As the nation begins a long weekend commemorating Independence Day, Americans who champion democracy, social justice, a clean environment, and racial and gender equity are not in a particularly celebratory mindset. A series of regressive rulings from the Supreme Court has halted and reversed progress, and more harmful decisions await on the polluted horizon. The court has agreed to take up a case from North Carolina called Moore v. Harper which could diminish already fragile checks and balances on extreme gerrymandering. This week the high court also severely restricted the Environmental Protection Agency’s ability to regulate pollution from power plants.
Especially alarming, of course, is the Dobbs v. Jackson Women’s Health Organization decision. Nearly 50 years after Roe v. Wade granted the constitutional right to an abortion, the fight for reproductive justice begins anew. This ruling will greatly exacerbate racial and geographic disparities in poverty, social justice, as well as health and educational outcomes. The Babcock Foundation’s mission is to help people and places move out of poverty and achieve greater social and economic justice. We support organizations and networks building power to advance racial equity. Overturning Roe runs aggressively contrary to our mission and values, and hampers the work of our partners across our 11-state region.
This decision most acutely harms Southern people of color, as many of the 22 states banning or severely restricting abortion are in the South, home to nearly half of America’s Black population and booming immigrant populations. Many states that already had the most severe restrictions on abortion also have the highest rates of maternal mortality. Banning abortion in these places will kill countless more women due to unsafe procedures and lack of access to critical care in life-threatening situations. What’s more, states criminalizing abortion are also likely to prosecute people for making the anguishing decision to end their pregnancies, which could result in felony charges and a permanent loss of voting rights.
In their statement, our partners at the Center on Budget and Policy Priorities point out, “By creating new legal and financial barriers to health care based on where people live and their resources to seek care elsewhere, the Court’s decision will further worsen health disparities. … Black women die at significantly higher rates than other groups and are twice as likely to experience serious health conditions resulting from labor or delivery. And births involving unintended pregnancies are more likely to result in adverse health outcomes for women, including death; this risk is higher for women of color than for white women.”
Our partners at State Voices remind us we are not powerless. They have curated a list of ways to translate our rage into action, including learning about the work happening in each state, a guide to making voting plans, ways to advocate for reproductive justice and organizations that could use donations to sustain this fight.

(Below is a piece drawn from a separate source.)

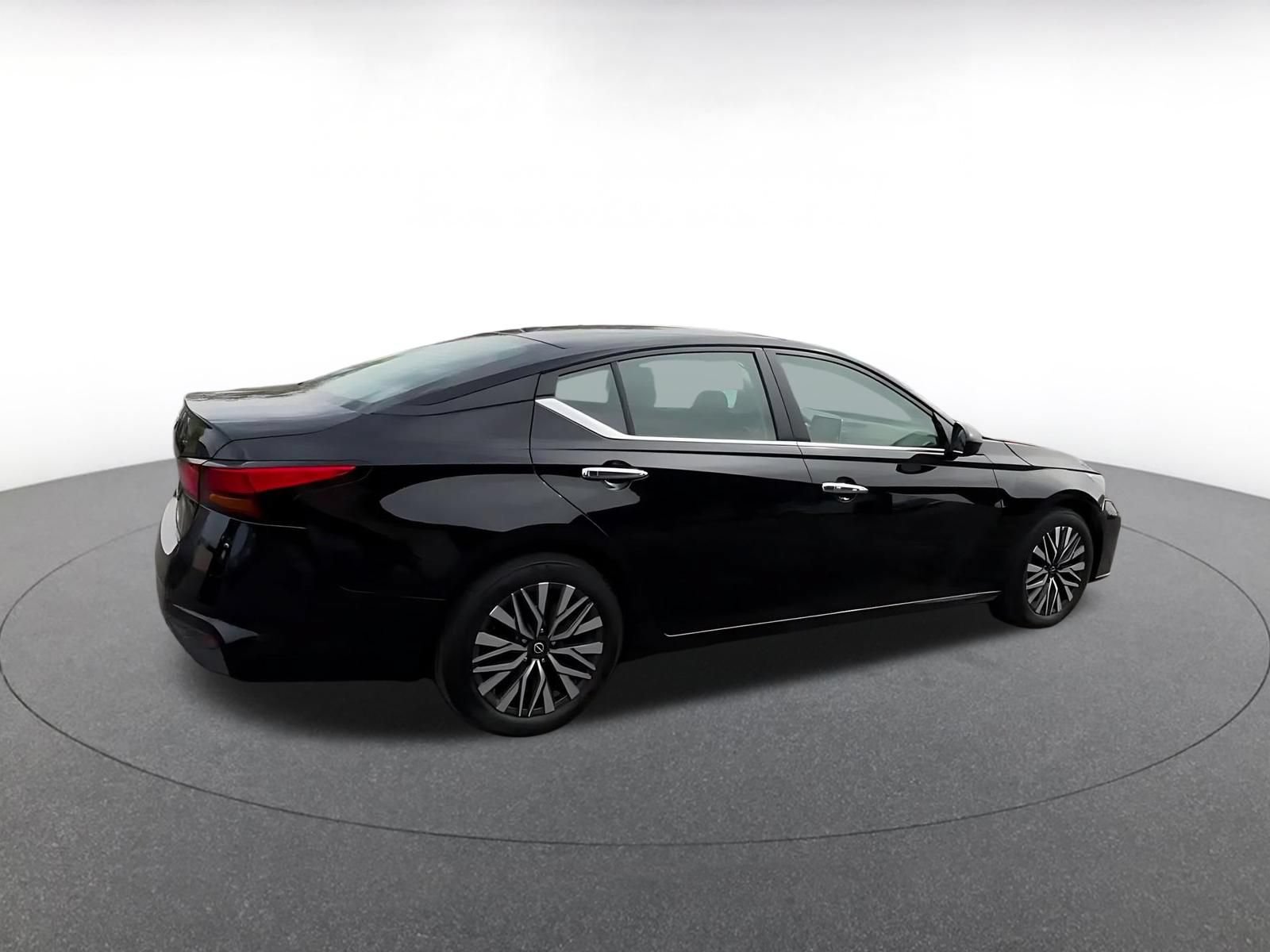 Used 2025 Nissan Altima 2.5 SV FWD image 15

The toppling of Roe, however, did not happen in isolation. It is the culmination of a decades-long lurch toward authoritarianism and series of attacks on the pillars of democracy. We have seen this manifested in voter suppression efforts, gerrymandering and rising white supremacy, and the January sixth insurrection at the Capitol. The board and staff of the Foundation are wrestling with the weight of this disastrous decision and the trajectory it portends: a likely domino effect that would reverse hard-fought gains for the LGBTQ community, contraception, in-vitro fertilization and other rights.
The Babcock Foundation stands in solidarity with our partners and allies across the country fighting for basic human rights. We are also considering the best ways to show up for our grantee partners and the Southern communities they serve. While we are crestfallen about what’s happened and terrified for what’s to come, we commit to learning and doing alongside our partners and allies with respect, dignity and hope.